ACTIVITY | Set the listing down exactly; no pictures.

DATA |
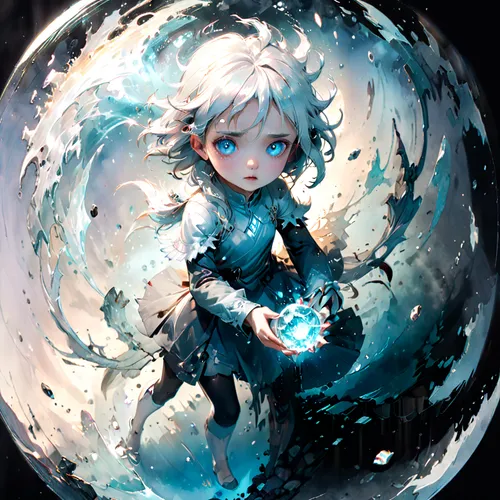 crystal ball,killua,snow globe,snowball,glass sphere,lensball,little planet,snow globes,sphere,waterglobe,snowglobes,sapphire,child fairy,echo,frozen bubble,ice ball,aqua,glass ball,winterblueher,bubble,Anime,Anime,General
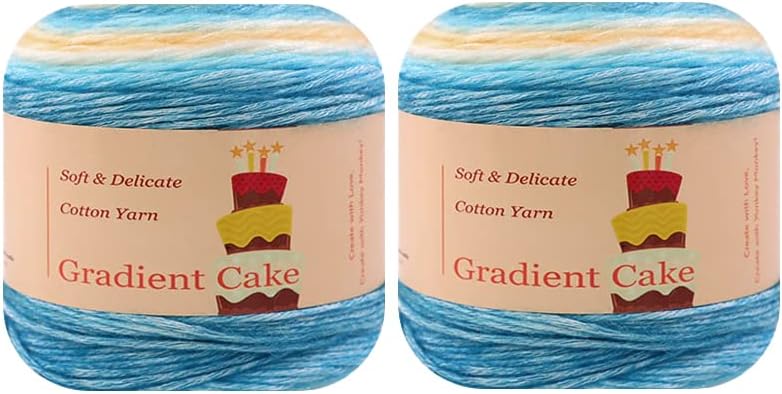 Miniatura 5 de Yonkey Monkey (1152) - Juego de 2 bolas de algodón degradado para tartas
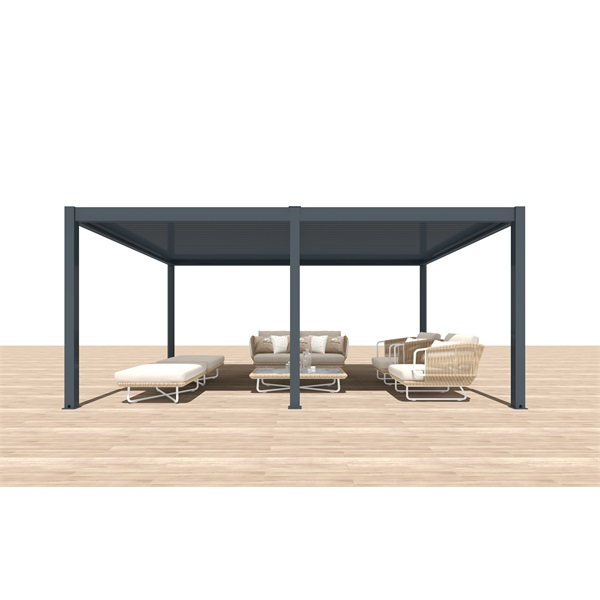 Iris MP-106GR bioklimatikus, elektromos mozgatású, LED világítású, antracit 6x4 m pergola (MP-106GR)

ANSWER TO THIS PROBLEM |
 crystal ball,killua,snow globe,snowball,glass sphere,lensball,little planet,snow globes,sphere,waterglobe,snowglobes,sapphire,child fairy,echo,frozen bubble,ice ball,aqua,glass ball,winterblueher,bubble,Anime,Anime,General
 Miniatura 5 de Yonkey Monkey (1152) - Juego de 2 bolas de algodón degradado para tartas
 Iris MP-106GR bioklimatikus, elektromos mozgatású, LED világítású, antracit 6x4 m pergola (MP-106GR)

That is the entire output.